Appleの動向に詳しいことで有名なアナリストのMing-Chi Kuo氏が米国時間6月28日、Appleが「iPhone」用の独自5Gモデムの開発に「失敗した可能性」があり、同社は少なくとも2023年中はQualcomm製モデムチップに完全に頼る必要があるとツィートし、ウォール街の一部の投資家を驚かせた。
Kuo氏は28日のツイートの中で、Appleは当初、2023年下半期にiPhoneの80%に独自開発の5Gモデムを搭載することを計画。この計画を通じたコスト削減で、iPhoneの希望小売価格を引き下げるか、もしくは販売利益を増加させることができる可能性があったと述べた。
Kuo氏のツィートを受けて、Apple株価は3%近く下落し、同日は137.44ドルの終値で取引を終了。一方、Qualcommの株価は3%以上上昇し、131.60ドルとなった。

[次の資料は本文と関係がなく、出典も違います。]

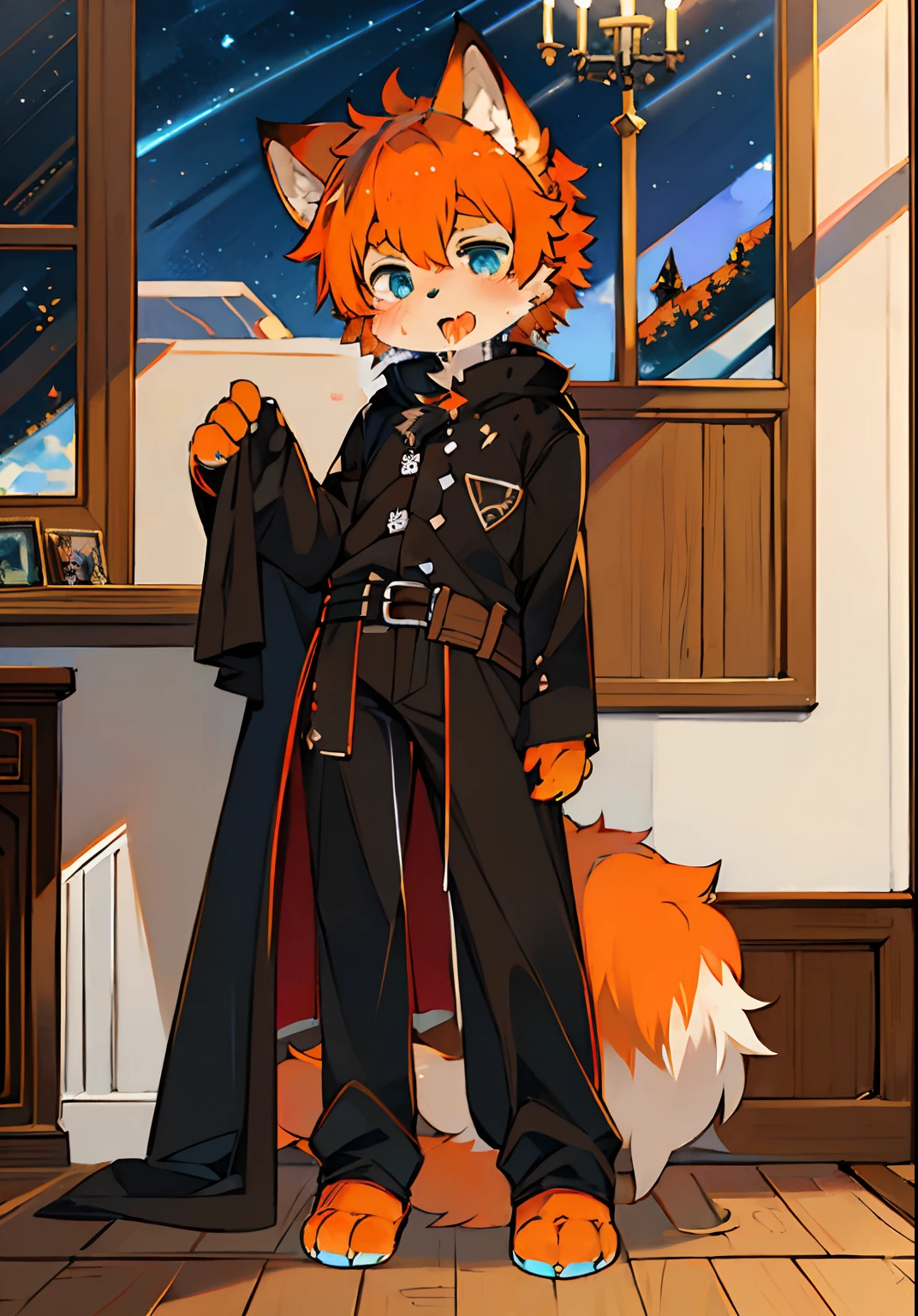 (ambiente dark:0.8),masterpiece,high quality,abstract res,digital painting\(artwork\), by dagasi, yupa,kiyosan,(anthro,fluffy fur,character focus:1.1),anthro male cat,short hair,portrait , eyes with brightness, in a panoramic view, Character focus.(detailedbackground:0.7), 独奏, shaggy, shaggy male, malefocus, anthr,(Full Body Furry, Fluffy tail, Orange fur, Sky blue eyes, Orange hair:1.2), (long canines、Black cargo coat、Red triangular saliva towel），（interiors、the night、borgar）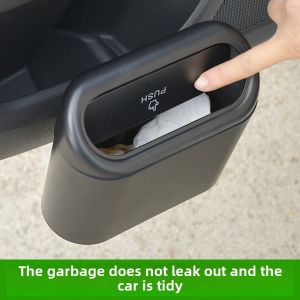 For Nissan Bluebird Sylphy G10 Versa N17 Serena C25 2005~2012 Car Trash Bin Black Square Pressing Portable Trash Can Accessories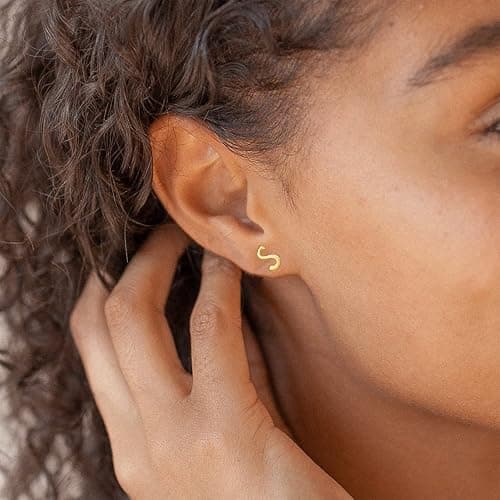 Initial Stud Earrings for Women thumbnail 2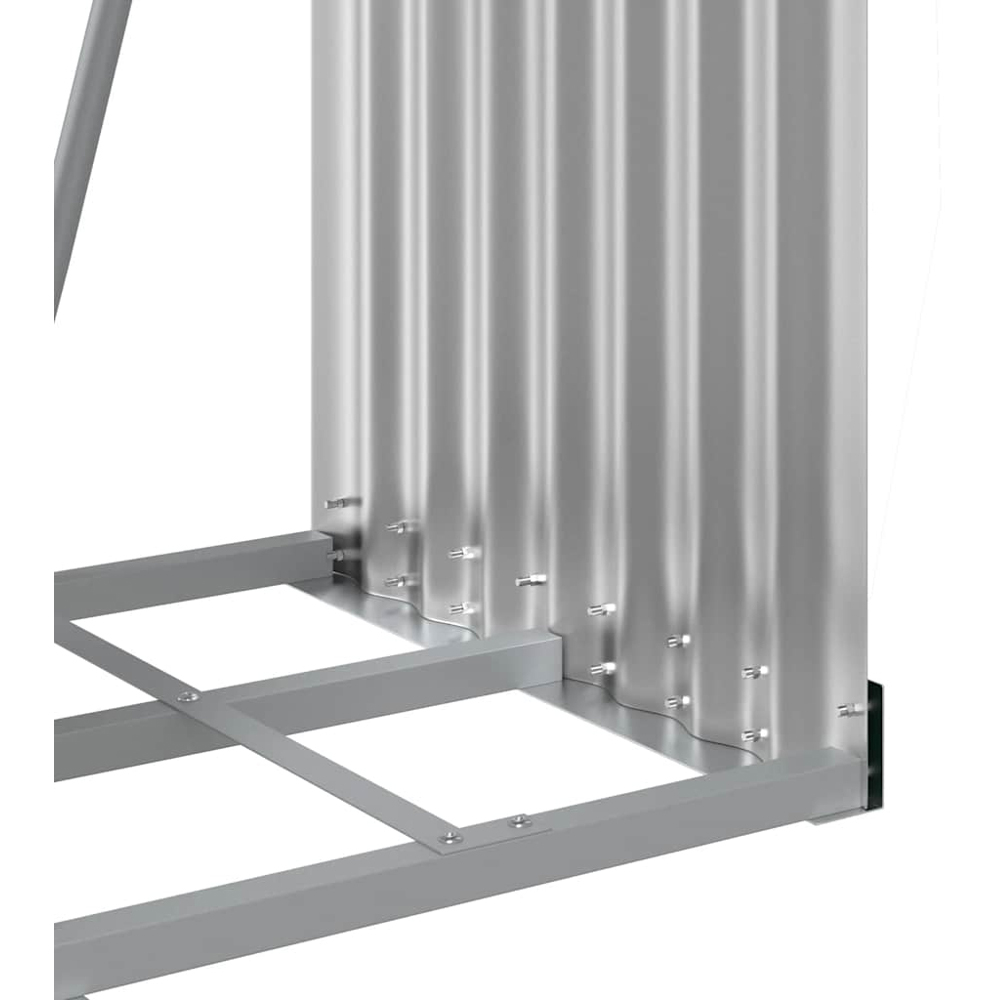 vidaXL Grey Galvanised Steel Firewood Log Holder 170 x 40 x 45cm Image 5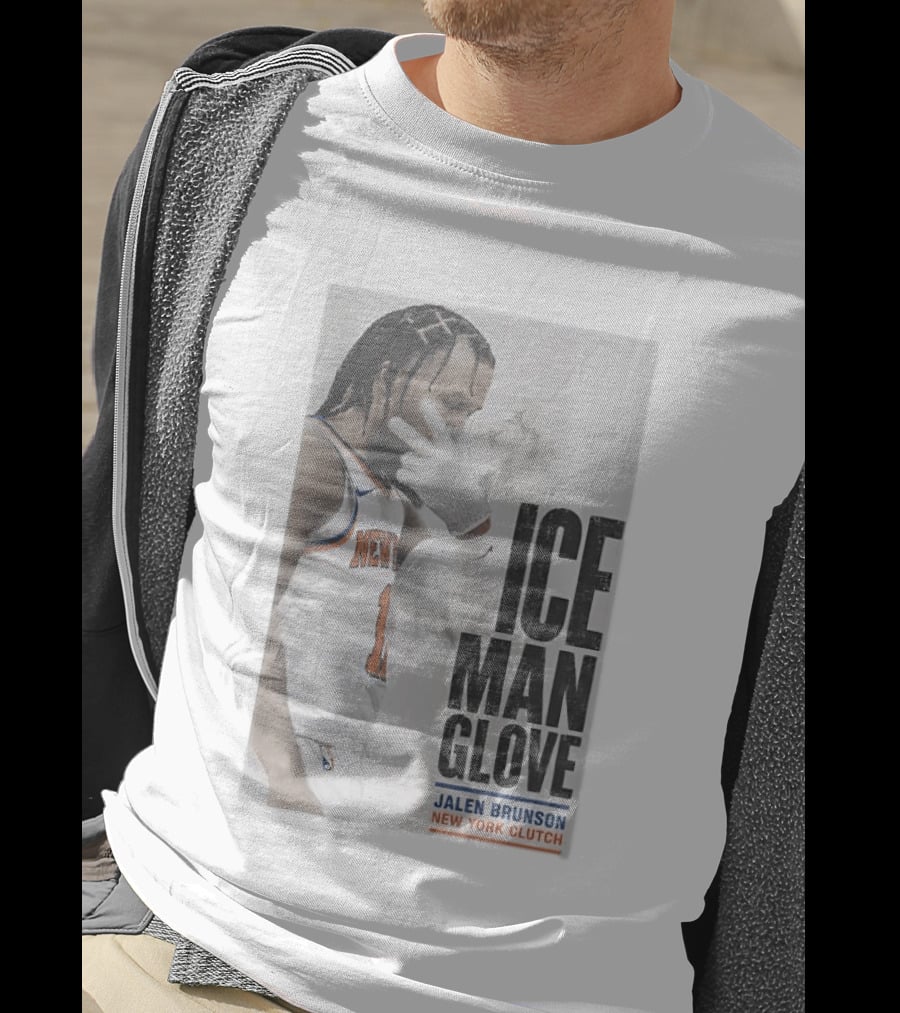 Jalen Brunson Ice Man Glove New York Knicks Clutch T-Shirt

今回の憶測の前にも、Appleが例年秋に発売する次世代iPhoneに関するリーク情報は、後が絶たない状態にあった。Appleがさらなる機能を追加したり、輸送や部品のコストが上昇したりする度に、投資家も顧客も、同社が希望小売価格を引き上げるだろうか、それとも、利益の減少に甘んじるだろうかと思いを巡らせてきた。他社製部品に頼る代わりに、独自開発のモデムチップをiPhoneに採用し、製造に伴うコストを削減することは、Appleにとって利益減少を回避するための方法の1つとされている。
Appleが独自モデムの開発に苦戦しているようだとの情報は、5Gモデム開発をめぐるこれまでの経緯を注視してきた人々にとっては、意外なことではないかもしれない。Appleは、Qualcommとの特許紛争に和解した後、チップメーカーIntelの5Gモデム部門を、2200人の従業員を含めて10億ドル(1360億円)で買収していた。最終的に独自の5Gチップを開発することができれば、AppleはiPhoneの製造コスト削減に加え、「iPad」や「Mac」に搭載されているAシリーズ、そして「Apple Watch」搭載のMシリーズのチップと同じやり方で、iPhoneの独自機能を開発できる可能性もある。